Bharath Reddy

Personal information
- Born: 12 November 1954 (age 70) Chennai, India
- Batting: Right-handed
- Role: Wicket-keeper

International information
- National side: India (1978–1981);
- Test debut (cap 144): 12 July 1979 v England
- Last Test: 30 August 1979 v England
- ODI debut (cap 27): 3 January 1978 v Pakistan
- Last ODI: 18 January 1981 v New Zealand

Career statistics
| Competition | Test | ODI | FC | LA |
| Matches | 4 | 3 | 95 | 18 |
| Runs scored | 38 | 11 | 1,743 | 120 |
| Batting average | 9.50 | – | 17.78 | 17.14 |
| 100s/50s | 0/0 | 0/0 | 0/9 | 0/0 |
| Top score | 21 | 8* | 88 | 36 |
| Catches/stumpings | 9/2 | 2/0 | 171/50 | 10/2 |
- Source: ESPNcricinfo, 10 May 2020

= Bharath Reddy (cricketer) =

Indian cricketer (born 1954)

Bharath Reddy (born 12 November 1954) is a former Indian international cricketer.

== Born ==
Bharat Reddy was born at 12 November 1954 in Chennai, Tamil Nadu, India.

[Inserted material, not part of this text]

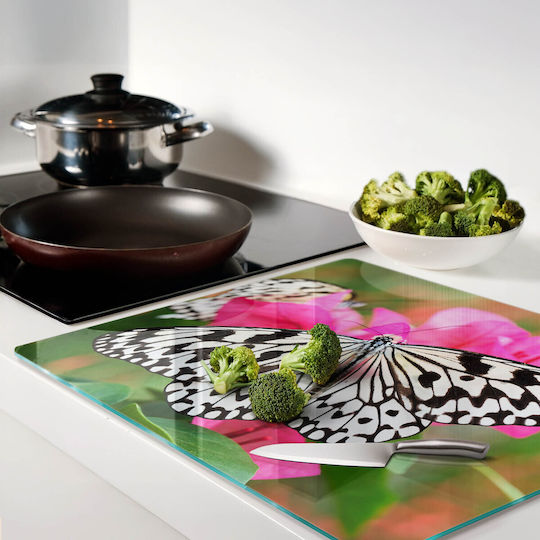 Tocătoare De Bucătărie Decorativă Din Sticlă Rezistentă Floare Fluture 60x52 Cm
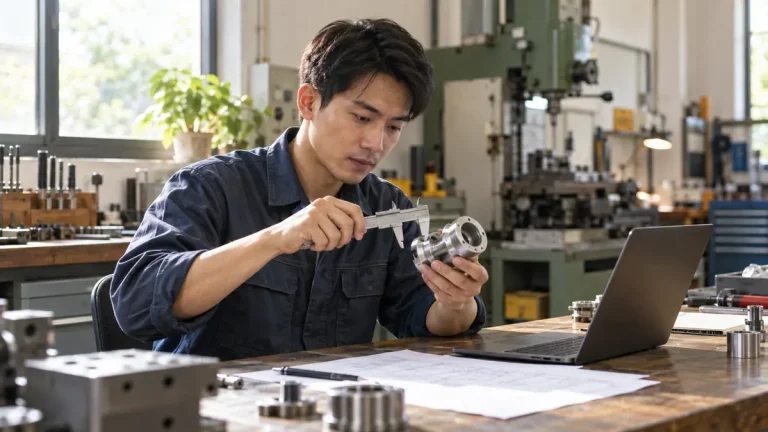 Ảnh AI minh họa kiểm tra chi tiết cơ khí bằng thước đo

He was a wicket-keeper of team India for 4 test and 3 ODI.

==Cricket career==

=== Tour of England ===
Reddy toured England with an Indian Schools XI in July and August 1973, scoring a century against a Midland Counties schools team. He made his first-class debut a few weeks later for Vazir Sultan Tobacco Colts XI at the age of 18, captaining a team of nine other first-class debutants. In quick succession he then kept wicket for Rest of India in the Irani Cup and for South Zone in the Duleep Trophy before making his Ranji Trophy debut for Tamil Nadu, all before the end of 1973. Before the 1973–74 season was out he had also played two first-class matches for an Indian XI against Rest of India, and made a short tour of Sri Lanka with an Indian team as the reserve wicket-keeper to Pochiah Krishnamurthy, playing in the match against Sri Lanka Board President's XI.

Neither Reddy nor Krishnamurthy succeeded Farokh Engineer when he retired from Test cricket shortly afterwards, however, the selectors preferring Syed Kirmani. Reddy kept wicket in one of the three matches India played against Sri Lanka in 1975–76, and as Kirmani's deputy he toured Australia in 1977–78 and Pakistan in 1978–79. He got his chance in Test cricket when Kirmani was dropped and Reddy toured England as the first-choice wicket-keeper in 1979. He played in all four Tests in a series that India lost one-nil, but was not impressive. Reddy toured Australia and New Zealand as Kirmani's deputy in 1980–81 without playing a Test.

=== International career ===
He played three One Day Internationals between 1978 and 1981, against Pakistan, Australia and New Zealand.

His best season with the bat was 1981–82, when he made 326 runs at 32.60 with three fifties, including his highest career score of 88 against Kerala.

He captained Tamil Nadu from 1982–83 to 1985–86. Against Kerala in 1982–83 he took six catches in the second innings and eight in the match.

==After cricket==
After retiring from cricket, Reddy worked for Chemplast. He also helped to run cricket training camps in Chennai, where he discovered Indian Test players Dinesh Karthik and Lakshmipathy Balaji.

==Personal life==
He is married to Gitanjali Reddy, with whom he has two daughters—Deepti and Sriya. The younger daughter, Sriya Reddy, is an actress.